The Football Bowl Subdivision (FBS) level of the National Collegiate Athletic Association (NCAA) consists of over 100 schools. Most of these schools belong to one of several conferences, or collections of schools, that compete with each other on a regular basis in collegiate sports. Suppose the NCAA has commissioned a study that will propose the formation of conferences based on the similarities of the constituent schools. The file FBS contains data on schools belong to the Football Bowl Subdivision (FBS). Each row in this file contains information on a school. The variables include football stadium capacity, latitude, longitude, athletic department revenue, endowment, and undergraduate enrollment.

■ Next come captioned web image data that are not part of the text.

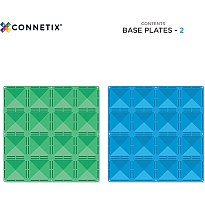 Connetix Rainbow Blue & Green Base Pack 2PC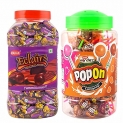 Mahak Kandiez Eclairs Toffee Jar & Popon Lollipop Jar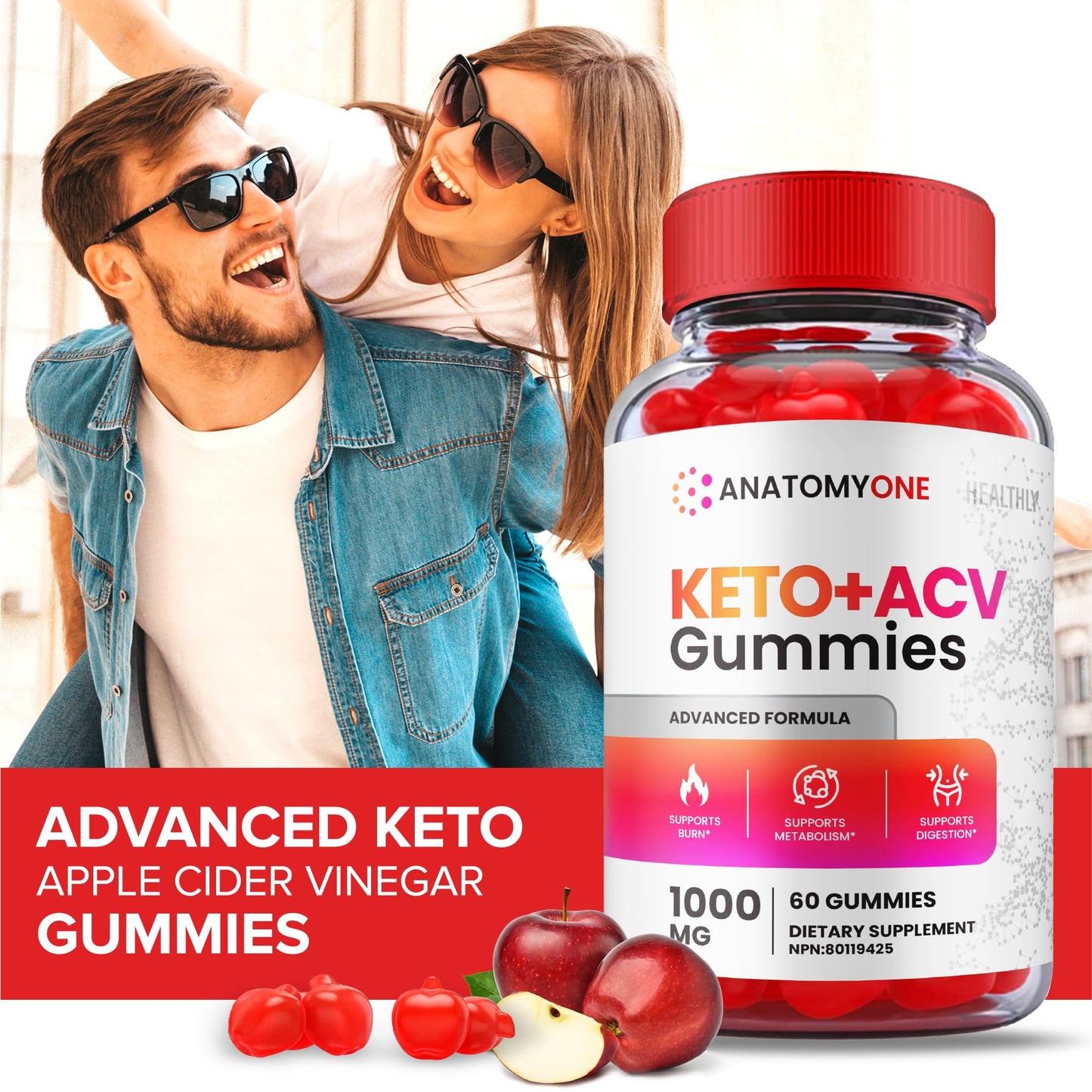 (2 Pack) Anatomy One Keto Gummies, Anatomy One Keto Acv Gummies, Anatomyone Keto HealthlyUS supplements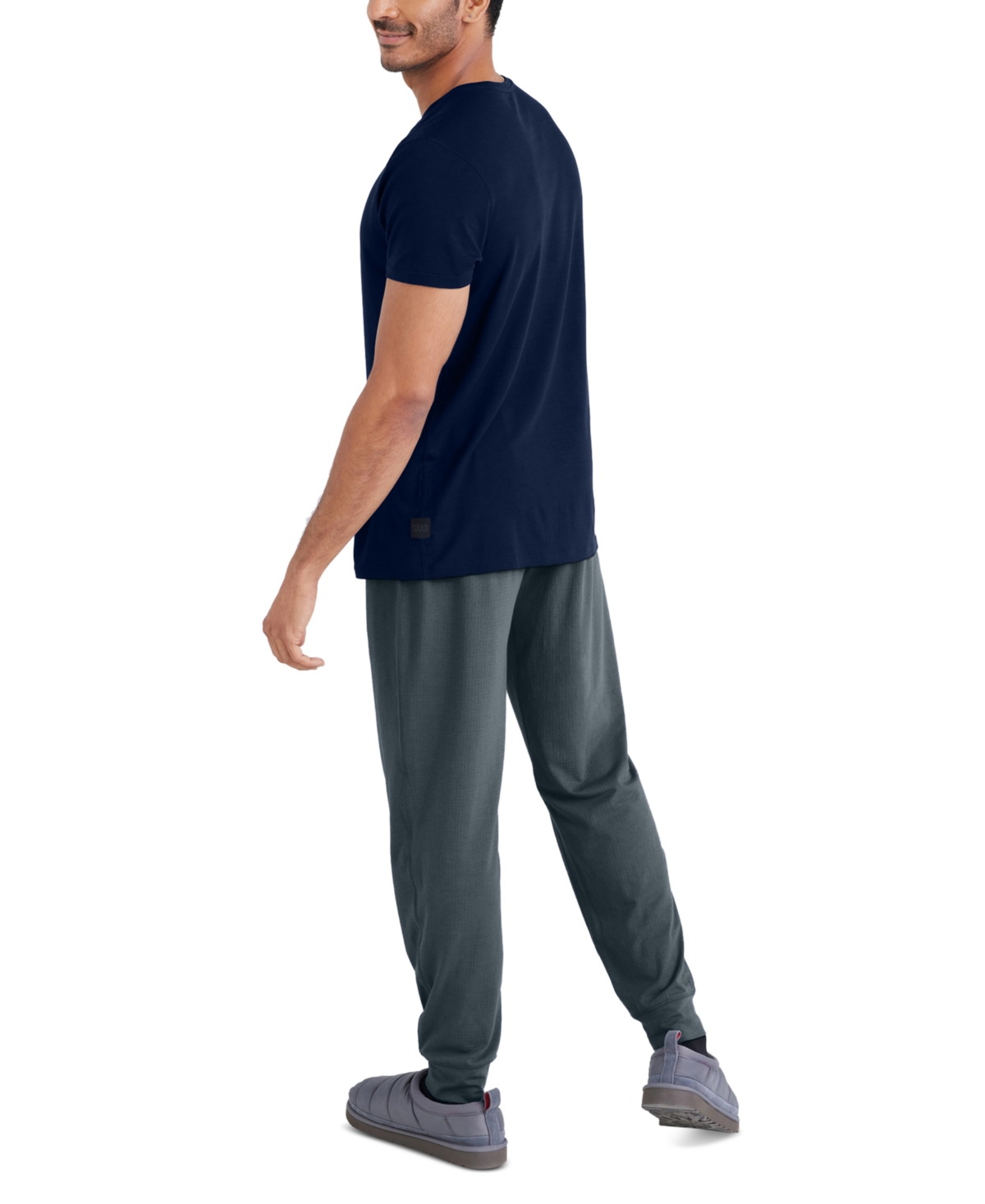 Saxx Men's Snooze Relaxed-fit Heathered Sleep T-shirt In Maritime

a. Apply k-means clustering with k = 10 using football stadium capacity, latitude, longitude, endowment, and enrollment as variables. Be sure to Normalize input data, and specify 50 iterations and 10 random starts in Step 2 of the XLMiner k-Means Clustering procedure. Analyze the resultant clusters. What is the smallest cluster? What is the least dense cluster (as measured by the average distance in the cluster)? What makes the least dense cluster so diverse?
b. What problems do you see with the plan with defining the school membership of the 10 conferences directly with the 10 clusters?
c. Repeat part a, but this time do not Normalize input data in Step 2 of the XLMiner k-Means Clustering procedure. Analyze the resultant clusters. Why do they differ from those in part a? Identify the dominating factor(s) in the formation of these new clusters.